[Brief descriptive captions]
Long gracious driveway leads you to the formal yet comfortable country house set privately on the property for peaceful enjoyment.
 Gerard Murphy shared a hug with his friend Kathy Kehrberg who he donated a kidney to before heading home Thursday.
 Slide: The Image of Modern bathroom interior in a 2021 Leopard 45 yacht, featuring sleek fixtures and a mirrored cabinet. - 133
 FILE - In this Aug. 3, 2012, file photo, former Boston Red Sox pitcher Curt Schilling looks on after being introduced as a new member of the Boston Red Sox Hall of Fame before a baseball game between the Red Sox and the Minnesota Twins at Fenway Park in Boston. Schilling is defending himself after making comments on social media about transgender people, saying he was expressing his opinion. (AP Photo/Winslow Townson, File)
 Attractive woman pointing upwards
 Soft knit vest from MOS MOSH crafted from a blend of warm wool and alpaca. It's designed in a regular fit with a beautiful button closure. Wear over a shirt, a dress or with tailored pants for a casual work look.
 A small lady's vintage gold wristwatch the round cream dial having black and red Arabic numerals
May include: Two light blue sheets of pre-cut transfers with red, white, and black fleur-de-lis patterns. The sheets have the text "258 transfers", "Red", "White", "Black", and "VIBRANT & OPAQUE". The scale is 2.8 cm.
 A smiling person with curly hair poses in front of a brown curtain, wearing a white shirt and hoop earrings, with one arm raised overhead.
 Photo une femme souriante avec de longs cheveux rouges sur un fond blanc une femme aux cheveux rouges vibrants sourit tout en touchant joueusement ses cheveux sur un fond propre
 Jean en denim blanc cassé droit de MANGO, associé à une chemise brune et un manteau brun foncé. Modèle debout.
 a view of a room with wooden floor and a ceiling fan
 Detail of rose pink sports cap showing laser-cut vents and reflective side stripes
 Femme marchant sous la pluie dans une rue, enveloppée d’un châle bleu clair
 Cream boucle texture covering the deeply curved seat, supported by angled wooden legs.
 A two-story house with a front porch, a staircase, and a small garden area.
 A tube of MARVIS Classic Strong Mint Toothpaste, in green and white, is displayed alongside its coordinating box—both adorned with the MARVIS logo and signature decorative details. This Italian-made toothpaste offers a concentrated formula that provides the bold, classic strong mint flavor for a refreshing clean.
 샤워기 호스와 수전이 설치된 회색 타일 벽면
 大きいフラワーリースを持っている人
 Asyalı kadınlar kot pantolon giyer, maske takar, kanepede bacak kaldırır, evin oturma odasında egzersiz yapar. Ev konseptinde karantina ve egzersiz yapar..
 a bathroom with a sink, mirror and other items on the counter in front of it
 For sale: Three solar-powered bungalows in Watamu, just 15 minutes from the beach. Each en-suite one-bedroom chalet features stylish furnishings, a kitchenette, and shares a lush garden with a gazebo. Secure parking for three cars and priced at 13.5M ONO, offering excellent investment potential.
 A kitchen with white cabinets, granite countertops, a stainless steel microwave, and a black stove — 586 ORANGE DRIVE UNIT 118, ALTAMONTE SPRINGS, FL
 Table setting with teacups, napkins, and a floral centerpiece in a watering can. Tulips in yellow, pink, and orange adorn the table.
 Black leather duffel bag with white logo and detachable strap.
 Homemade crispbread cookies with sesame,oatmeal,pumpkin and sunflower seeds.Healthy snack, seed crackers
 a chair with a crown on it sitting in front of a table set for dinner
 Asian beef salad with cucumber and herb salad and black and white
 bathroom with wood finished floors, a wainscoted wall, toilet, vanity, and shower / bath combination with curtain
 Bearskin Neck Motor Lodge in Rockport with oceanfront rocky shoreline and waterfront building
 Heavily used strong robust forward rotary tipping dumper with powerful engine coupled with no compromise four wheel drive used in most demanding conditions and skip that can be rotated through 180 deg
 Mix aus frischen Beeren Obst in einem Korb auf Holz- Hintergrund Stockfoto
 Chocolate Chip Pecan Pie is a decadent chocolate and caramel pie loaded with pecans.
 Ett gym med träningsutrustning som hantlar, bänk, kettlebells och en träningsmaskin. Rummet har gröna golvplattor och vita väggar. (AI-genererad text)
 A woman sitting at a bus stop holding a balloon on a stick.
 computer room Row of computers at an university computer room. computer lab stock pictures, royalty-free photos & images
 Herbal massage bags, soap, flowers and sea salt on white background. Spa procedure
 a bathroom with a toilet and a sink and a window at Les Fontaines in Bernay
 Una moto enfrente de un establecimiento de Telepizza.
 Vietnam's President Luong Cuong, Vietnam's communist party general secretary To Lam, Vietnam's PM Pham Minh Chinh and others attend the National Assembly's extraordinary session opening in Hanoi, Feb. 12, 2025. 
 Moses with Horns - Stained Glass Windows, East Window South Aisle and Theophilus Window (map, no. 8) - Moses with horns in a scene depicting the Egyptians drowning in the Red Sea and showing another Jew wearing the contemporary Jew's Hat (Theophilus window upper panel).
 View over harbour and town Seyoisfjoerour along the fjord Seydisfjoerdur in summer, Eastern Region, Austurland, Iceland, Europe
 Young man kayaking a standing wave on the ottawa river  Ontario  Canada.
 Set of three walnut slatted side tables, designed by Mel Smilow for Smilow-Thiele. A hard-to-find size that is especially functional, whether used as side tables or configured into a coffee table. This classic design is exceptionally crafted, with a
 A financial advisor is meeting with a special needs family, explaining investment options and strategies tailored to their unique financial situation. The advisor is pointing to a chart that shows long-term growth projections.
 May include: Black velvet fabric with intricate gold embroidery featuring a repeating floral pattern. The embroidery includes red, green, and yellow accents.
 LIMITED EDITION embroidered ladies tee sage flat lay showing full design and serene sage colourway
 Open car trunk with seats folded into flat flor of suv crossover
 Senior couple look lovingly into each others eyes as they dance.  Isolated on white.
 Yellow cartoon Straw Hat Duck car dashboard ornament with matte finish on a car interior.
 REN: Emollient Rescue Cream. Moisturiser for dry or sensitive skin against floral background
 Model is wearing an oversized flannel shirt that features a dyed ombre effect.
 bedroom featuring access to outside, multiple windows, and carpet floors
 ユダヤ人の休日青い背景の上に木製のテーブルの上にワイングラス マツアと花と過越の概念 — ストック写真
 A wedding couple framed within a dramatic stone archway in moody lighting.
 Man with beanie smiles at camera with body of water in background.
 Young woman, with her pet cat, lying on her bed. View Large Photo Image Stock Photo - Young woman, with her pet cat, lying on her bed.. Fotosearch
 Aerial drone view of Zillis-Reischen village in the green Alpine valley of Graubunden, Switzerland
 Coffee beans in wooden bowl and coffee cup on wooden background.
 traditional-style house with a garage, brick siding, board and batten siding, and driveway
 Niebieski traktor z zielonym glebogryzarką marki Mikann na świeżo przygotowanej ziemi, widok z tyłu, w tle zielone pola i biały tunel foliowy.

EXERCISE GOAL> Retype exactly the lines from the first line of the records above through the line containing "Detail of rose", both included, and nothing else.

OUTPUT>
Long gracious driveway leads you to the formal yet comfortable country house set privately on the property for peaceful enjoyment.
 Gerard Murphy shared a hug with his friend Kathy Kehrberg who he donated a kidney to before heading home Thursday.
 Slide: The Image of Modern bathroom interior in a 2021 Leopard 45 yacht, featuring sleek fixtures and a mirrored cabinet. - 133
 FILE - In this Aug. 3, 2012, file photo, former Boston Red Sox pitcher Curt Schilling looks on after being introduced as a new member of the Boston Red Sox Hall of Fame before a baseball game between the Red Sox and the Minnesota Twins at Fenway Park in Boston. Schilling is defending himself after making comments on social media about transgender people, saying he was expressing his opinion. (AP Photo/Winslow Townson, File)
 Attractive woman pointing upwards
 Soft knit vest from MOS MOSH crafted from a blend of warm wool and alpaca. It's designed in a regular fit with a beautiful button closure. Wear over a shirt, a dress or with tailored pants for a casual work look.
 A small lady's vintage gold wristwatch the round cream dial having black and red Arabic numerals
May include: Two light blue sheets of pre-cut transfers with red, white, and black fleur-de-lis patterns. The sheets have the text "258 transfers", "Red", "White", "Black", and "VIBRANT & OPAQUE". The scale is 2.8 cm.
 A smiling person with curly hair poses in front of a brown curtain, wearing a white shirt and hoop earrings, with one arm raised overhead.
 Photo une femme souriante avec de longs cheveux rouges sur un fond blanc une femme aux cheveux rouges vibrants sourit tout en touchant joueusement ses cheveux sur un fond propre
 Jean en denim blanc cassé droit de MANGO, associé à une chemise brune et un manteau brun foncé. Modèle debout.
 a view of a room with wooden floor and a ceiling fan
 Detail of rose pink sports cap showing laser-cut vents and reflective side stripes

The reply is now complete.